Beginning in August, the show’s 40-year-old amphitheater, along with most of the hotel’s other ancient attractions, will be demolished. Yes, I know. The show itself was discontinued several years ago. The light panels and twinkling character have long since been torn from its 12-foot-high-by-70-foot-wide back wall. Yet that wall, viewing area, and water tank with fountain mechanisms are still intact, a silent reminder of a time when stirring music, “a spectacular display of bright lights, and pulsating water fountains” lit up a secluded corner of the Kingdom, twice nightly, for free.
The fountain is said to date back to the New York World’s Fair, where an operator mechanically controlled its 16 fountains. After the fair ended in 1965, Disney salvaged the equipment for Jack Wrather’s Disneyland Hotel, to use as a companion piece to a full-scale marina and high-rise he planned to replace his golf course.
I grudgingly admit: the Disneyland Hotel’s coming attractions—bulldozing the final remnants of the marina project of 1969, the Polynesian expansion of 1979, and the Peter Pan makeover of 2001 in favor of tie-ins to the early days of Disneyland—make sense financially, thematically, and historically. The hotel has been sliding by with minimal connections to the park for over a decade. It’s no longer a stop on the monorail route. Other hotels are far closer to Disneyland than it is.

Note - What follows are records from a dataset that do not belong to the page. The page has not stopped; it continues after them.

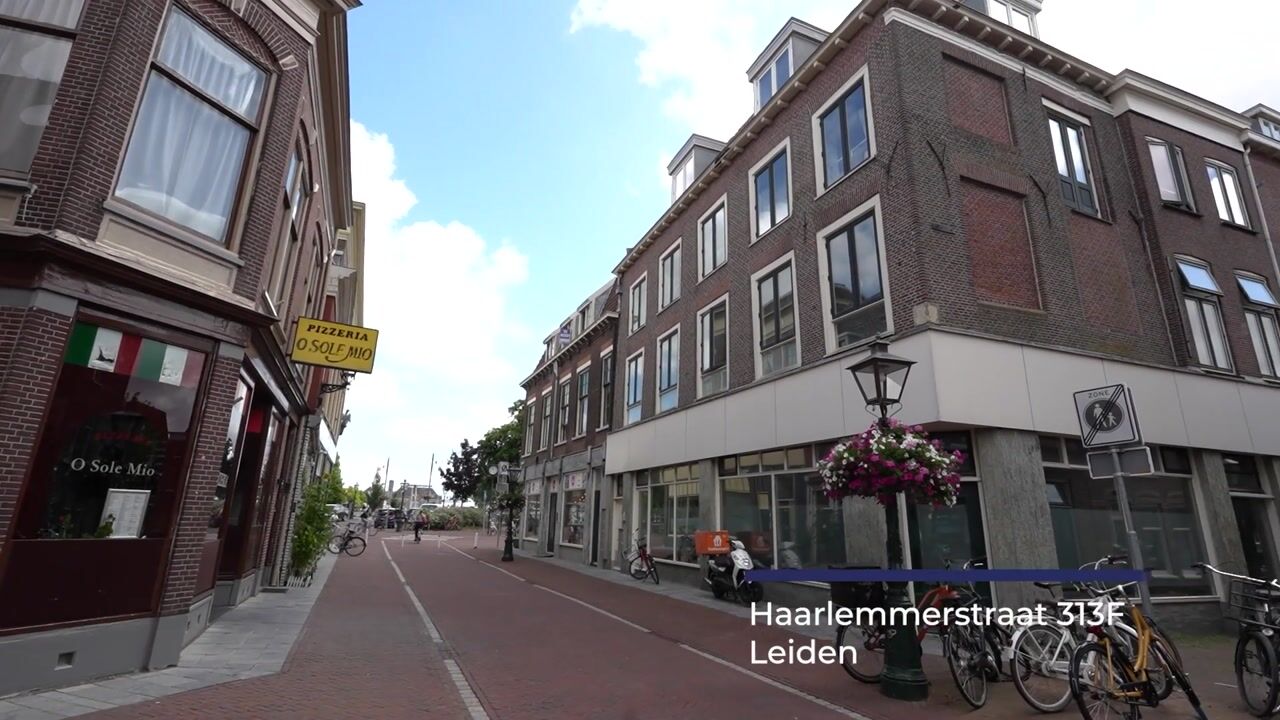 Video van Haarlemmerstraat 313-F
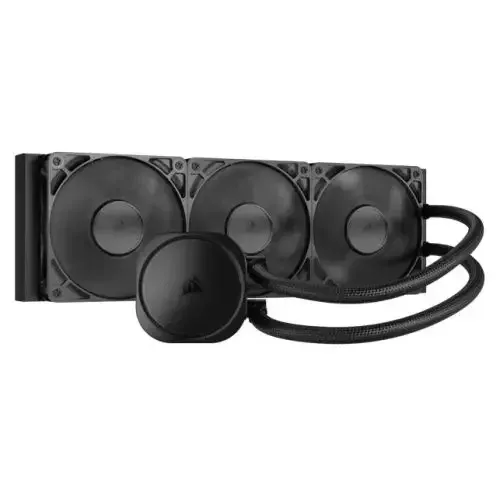 Corsair Nautilus 360 RS Motherboard All-in-one liquid cooler Black - Image 1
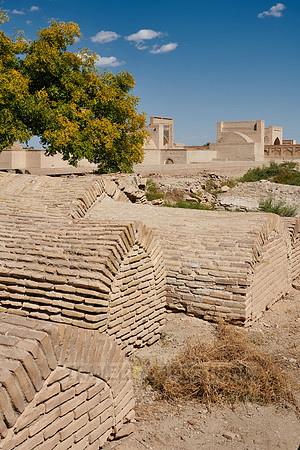 Memorial Complex Of Chor Bakr, Bukhara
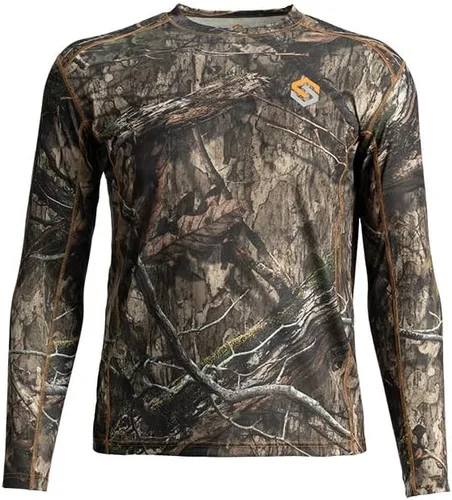Vista 3 de ScentLok Featherweight - Camiseta ligera de manga larga para hombre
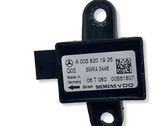 Airbag deployment crash/impact sensor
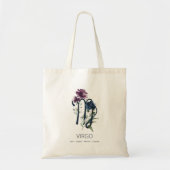 Virgo Zodiac Star Sign Tote Bag (Voorkant)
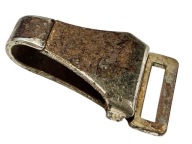 Sygnowany karabińczyk do rapcia kordzików SA, SS, NSKK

So to maintain high occupancy at premium rates, the hotel needs something special—namely, adopting the themes of Disneyland as its own. And the move has precedent. In its early years, the hotel used to have numerous Disneyland-themed adventures—the Monorail Cafe, the Monorail Bar, even a miniature golf course with each hole themed to a different park icon, including the castle, Skull Rock, Autopia, and the Painted Desert.
The additions that came later, particularly the marina and its waterfront, were aimed as much at local residents and park visitors as at hotel guests. Wrather wanted to create his own kingdom, for folks to stroll, shop, eat, drink and play. Today, the Walt Disney Company has Downtown Disney to do all that. The Disneyland Hotel’s primary purpose is reverting back to attracting and serving hotel guests.

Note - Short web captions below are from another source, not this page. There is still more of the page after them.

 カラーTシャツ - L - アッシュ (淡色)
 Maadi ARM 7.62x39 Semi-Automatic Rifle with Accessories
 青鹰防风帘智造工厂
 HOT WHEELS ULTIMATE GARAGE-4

My recent walk through the hotel’s about-to-expire amenities rekindled fond memories, but also reminded me that their time had passed. Dearest to my heart is the Aqua Gardens featuring Horseshoe Falls—at night still one of the most exotic, romantic spots on all of Disney property. Yet as I uneasily scaled its slippery steps and sloshed through its caverns, I could see the falls-soaked area remains a liability nightmare. I’m shocked that Disney’s lawyers allowed it to last this long. Worse, one of the falls was turned off a few weeks ago (I assume in connection with the draining of the adjacent koi pond), giving rise to the stench of standing water. And that unpleasant aroma carries over to the empty koi pond.

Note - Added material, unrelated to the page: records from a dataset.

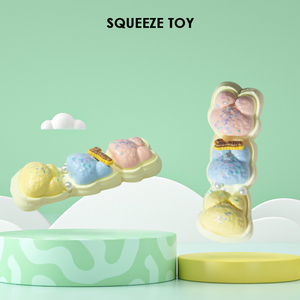 Jouet sensoriel Taba en silicone non toxique personnalisé, jouet Taba en gelée mignon, jouet anti-stress à presser - Product Image 2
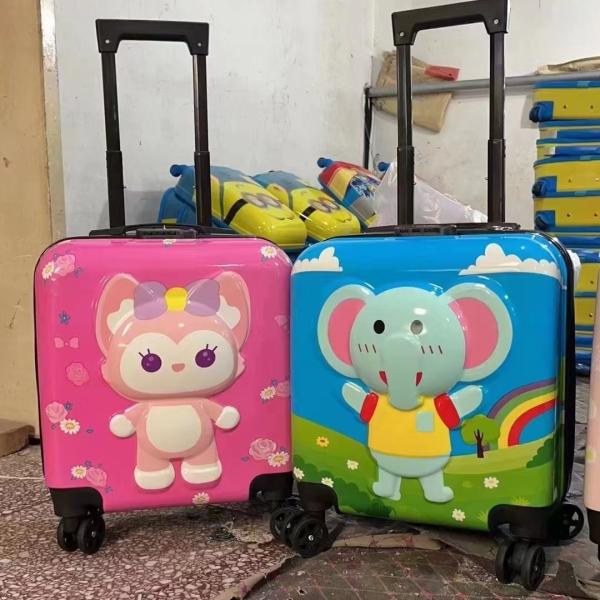 Buy cheap Discovering Wonderland Innovative Kids' Rolling Luggage 18 Inches For Young Explorers from wholesalers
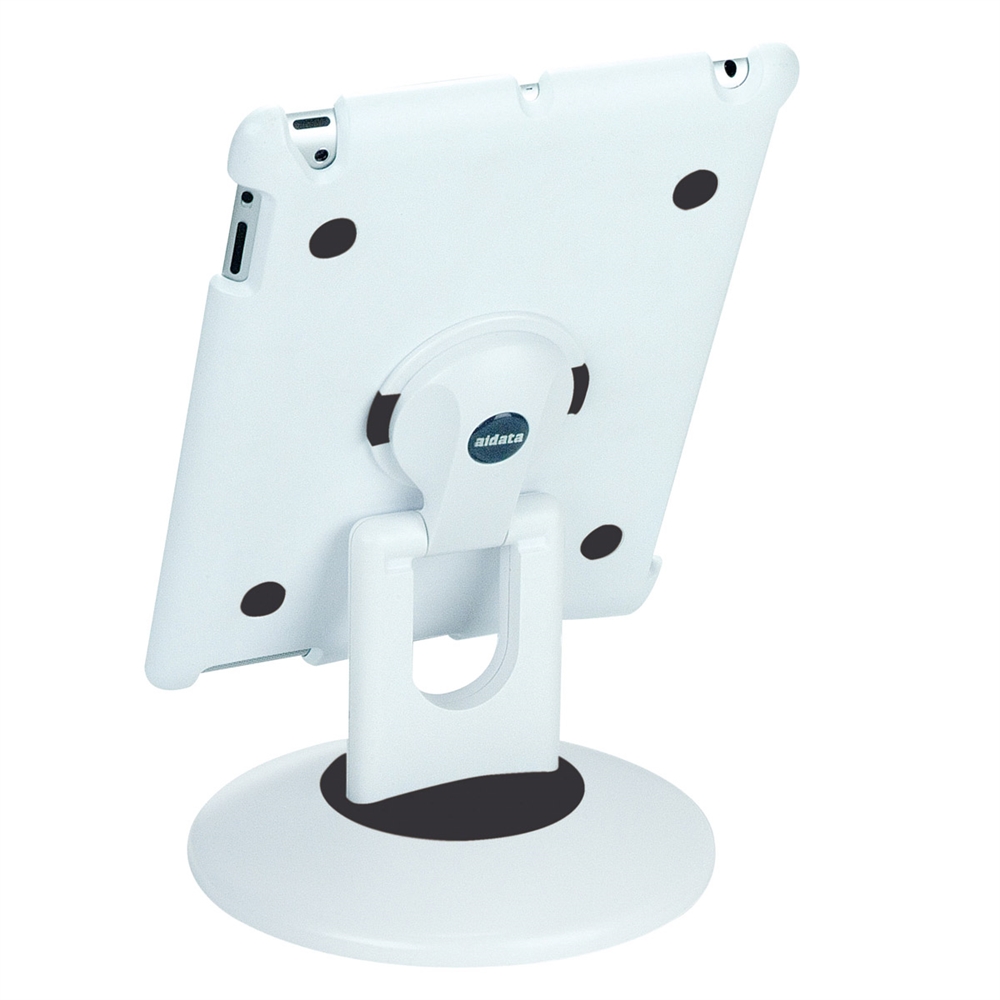 ViewStation (iPad 2/3/4) (White w/Black accent). Picture 1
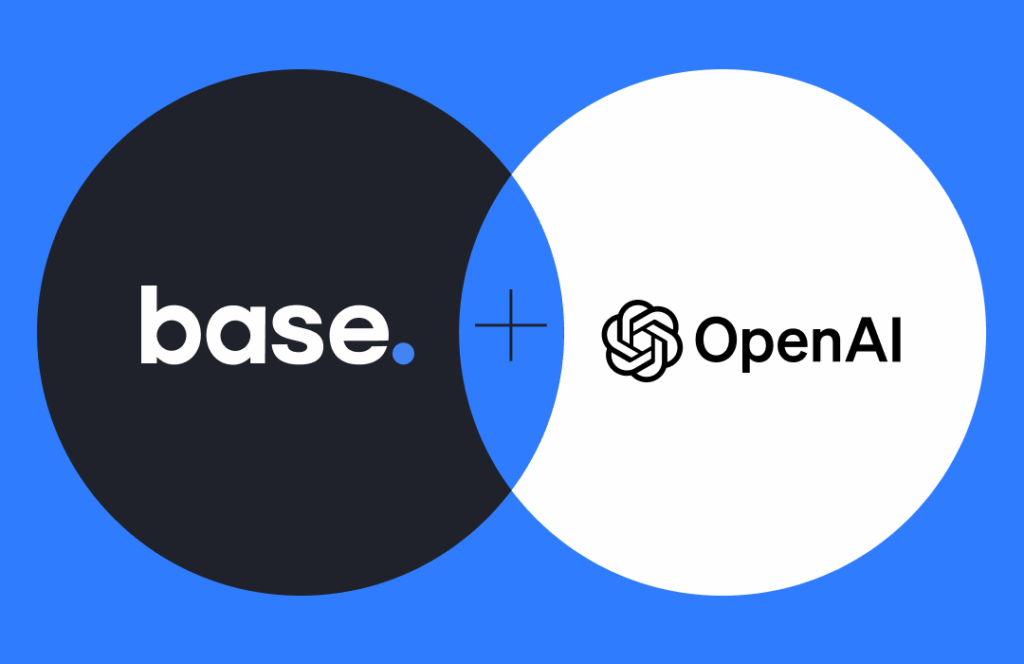 Base.com product feed synced to ChatGPT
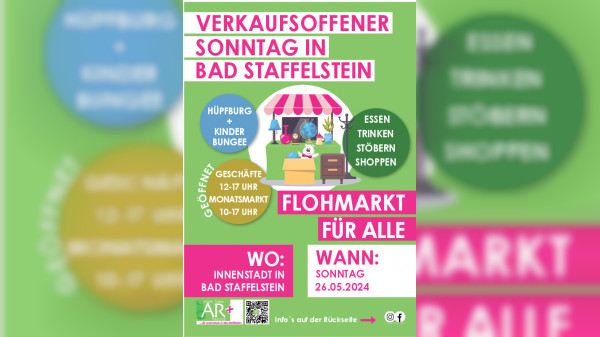 Innenstadt Flohmarkt in Bad Staffelstein - Jeder kann mitmachen!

Over the years, I’ve enjoyed Hook’s Pointe, the Lost Bar, and Croc’s Bits and Bites, but the one I’ll miss most is the subterranean Wine Cellar—the one I never took the time to enjoy.
All that remains of the old artisan village, the Seaport of the Pacific, are the crystal shop and a tired arcade, complete with squeaky floorboards and outdated amusements. There may be pay phones at the Grand Californian that generate more revenue than these retail relics.
Outside, the miniature remote-controlled Jungle Boats are still accepting tokens, even if the lagoon’s swaying bridge, flaming boat, and other special effects no longer work. An even more miniature lagoon was built as a replacement, to the side of Downtown Disney’s Rainforest Cafe.
And the hotel’s wedding gazebo, once the centerpiece of extensive lawns and a rose garden, now sits in a cramped, lonely corner.
I’m confident that, like the World of Color, the hotel’s changes will be technologically superior and far more entertaining than these aging holdovers from my childhood. That doesn’t mean I won’t miss them. But I’m also hoping that the hotel’s redirection won’t stop at new signage, monorail waterslides, and a re-created Tahitian Terrace.
Who knows? Maybe the grounds of the hotel can become a place to relive Disneyland past. Is there room out there for a few Country Bears, a Mighty Microscope, or elements of rides to be closed in the future? Maybe the Disneyland Hotel will never be completed. It will continue to grow as long as there are park attractions left to be scavenged.